[RFC] Fix floating-point `max` and `min` operations in MLIR

This proposal focuses on arith.maxf, arith.minf, vector.reduction <maxf>, and vector.reduction <minf> in MLIR. We have identified certain issues that require attention, which are outlined in the following sections:

Problem 1: Missing Semantics and Confusing Naming

In LLVM, there are two ways to find the minimum and maximum of two floating-point numbers: minnum/maxnum intrinsics and minimum/maximum intrinsics [1, 2]. Each pair exhibits different behavior when dealing with NaNs and +0.0/-0.0. The former returns the non-NaN argument when one of the arguments is NaN and does not distinguish between +0.0 and -0.0, whereas the latter propagates the NaN and does distinguish between +0.0 and -0.0. The same applies to the reduction variants [9, 10].

In MLIR, there is currently a single way to represent the minimum and maximum of two floating-point numbers: arith.minf/arith.maxf. The semantics of these operations adhere to the semantics of minimum/maximum intrinsics in LLVM [3]. The same applies to the reduction variants in the Vector dialect [11]. However, there are no variants in MLIR to model the semantics of LLVM’s minnum/maxnum.

Proposed Solution

We propose to rename arith.minf/arith.maxf to arith.minimum/arith.maximum to align their names with their LLVM counterparts. We would also like to introduce the corresponding arith.minnum and arith.maxnum operations to mirror the semantics of the minnum/maxnum intrinsics in LLVM. The same applies to the vector reductions operations in the Vector dialect: vector.reduction <maxf> and vector.reduction <minf>.

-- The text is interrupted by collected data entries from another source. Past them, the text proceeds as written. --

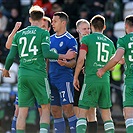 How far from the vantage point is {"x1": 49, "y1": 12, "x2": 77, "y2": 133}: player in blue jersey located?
1203cm

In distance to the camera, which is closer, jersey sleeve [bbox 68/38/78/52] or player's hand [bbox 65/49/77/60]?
player's hand [bbox 65/49/77/60]

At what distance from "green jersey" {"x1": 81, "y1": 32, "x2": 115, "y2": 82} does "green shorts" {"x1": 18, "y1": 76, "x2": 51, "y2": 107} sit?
81 cm

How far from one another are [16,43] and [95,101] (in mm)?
1689

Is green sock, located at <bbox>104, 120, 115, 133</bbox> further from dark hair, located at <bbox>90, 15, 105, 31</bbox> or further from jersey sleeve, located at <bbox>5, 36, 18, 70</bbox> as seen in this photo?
jersey sleeve, located at <bbox>5, 36, 18, 70</bbox>

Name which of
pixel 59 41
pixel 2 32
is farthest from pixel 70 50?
pixel 2 32

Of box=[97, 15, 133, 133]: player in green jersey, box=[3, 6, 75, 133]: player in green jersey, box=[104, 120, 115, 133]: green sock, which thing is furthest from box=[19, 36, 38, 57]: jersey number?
box=[104, 120, 115, 133]: green sock

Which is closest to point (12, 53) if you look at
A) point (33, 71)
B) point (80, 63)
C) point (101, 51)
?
point (33, 71)

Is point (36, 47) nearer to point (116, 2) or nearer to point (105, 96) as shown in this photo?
point (105, 96)

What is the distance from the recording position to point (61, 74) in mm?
12102

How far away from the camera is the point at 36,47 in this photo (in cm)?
1119

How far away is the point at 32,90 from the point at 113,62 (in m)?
1.48

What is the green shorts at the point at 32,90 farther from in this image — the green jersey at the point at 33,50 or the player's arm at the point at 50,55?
the player's arm at the point at 50,55

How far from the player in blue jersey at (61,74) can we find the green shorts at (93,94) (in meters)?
0.60

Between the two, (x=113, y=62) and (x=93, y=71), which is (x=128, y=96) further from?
(x=93, y=71) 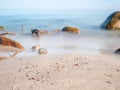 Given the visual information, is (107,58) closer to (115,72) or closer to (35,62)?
(115,72)

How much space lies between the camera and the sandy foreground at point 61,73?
8.80 meters

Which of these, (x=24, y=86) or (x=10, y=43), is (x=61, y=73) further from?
(x=10, y=43)

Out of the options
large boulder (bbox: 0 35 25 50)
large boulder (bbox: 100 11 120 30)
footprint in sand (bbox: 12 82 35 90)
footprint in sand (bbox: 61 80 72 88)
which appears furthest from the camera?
large boulder (bbox: 100 11 120 30)

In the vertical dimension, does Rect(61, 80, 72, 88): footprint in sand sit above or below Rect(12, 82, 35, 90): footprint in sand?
above

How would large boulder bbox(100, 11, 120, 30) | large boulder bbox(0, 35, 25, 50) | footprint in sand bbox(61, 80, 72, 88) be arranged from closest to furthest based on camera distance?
footprint in sand bbox(61, 80, 72, 88) → large boulder bbox(0, 35, 25, 50) → large boulder bbox(100, 11, 120, 30)

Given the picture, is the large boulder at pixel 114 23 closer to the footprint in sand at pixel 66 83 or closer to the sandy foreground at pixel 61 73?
the sandy foreground at pixel 61 73

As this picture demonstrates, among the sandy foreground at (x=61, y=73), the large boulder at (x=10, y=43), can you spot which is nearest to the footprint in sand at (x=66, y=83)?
the sandy foreground at (x=61, y=73)

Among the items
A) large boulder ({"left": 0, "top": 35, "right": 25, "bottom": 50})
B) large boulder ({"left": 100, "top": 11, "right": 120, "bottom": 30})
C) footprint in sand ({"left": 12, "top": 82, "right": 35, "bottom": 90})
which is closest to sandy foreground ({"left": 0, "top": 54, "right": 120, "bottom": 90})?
footprint in sand ({"left": 12, "top": 82, "right": 35, "bottom": 90})

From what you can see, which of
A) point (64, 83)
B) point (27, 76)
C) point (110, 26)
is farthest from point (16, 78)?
point (110, 26)

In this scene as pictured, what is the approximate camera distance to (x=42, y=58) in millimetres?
13352

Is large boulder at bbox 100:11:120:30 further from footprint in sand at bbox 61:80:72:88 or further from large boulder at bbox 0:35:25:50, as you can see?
footprint in sand at bbox 61:80:72:88

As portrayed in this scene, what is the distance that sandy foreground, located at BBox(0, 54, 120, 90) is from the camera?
8.80 metres

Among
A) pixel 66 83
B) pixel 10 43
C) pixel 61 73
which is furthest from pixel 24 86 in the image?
pixel 10 43

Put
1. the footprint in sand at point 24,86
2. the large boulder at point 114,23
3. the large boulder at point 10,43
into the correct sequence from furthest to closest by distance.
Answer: the large boulder at point 114,23 → the large boulder at point 10,43 → the footprint in sand at point 24,86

Problem 2: arith.minf and arith.maxf lowering to LLVM

Currently, there is a bug in the lowering of arith.maxf and arith.minf to LLVM. Although their semantics [3, 4] clearly indicate that NaN should be propagated and +0.0/-0.0 should be differentiated, they are lowered to minnum/maxnum intrinsics without the proper handling of the cases described above [5]. Interestingly enough, the lowering of their vector reduction variants seems to have always been aligned with the described semantics [6] even before it was changed to the proper intrinsic lowering.

Proposed Solution

We plan to fix the existing bug by changing the lowering of arith.maxf and arith.minf from the minnum/maxnum intrinsics to the maximum/minimum intrinsics in LLVM.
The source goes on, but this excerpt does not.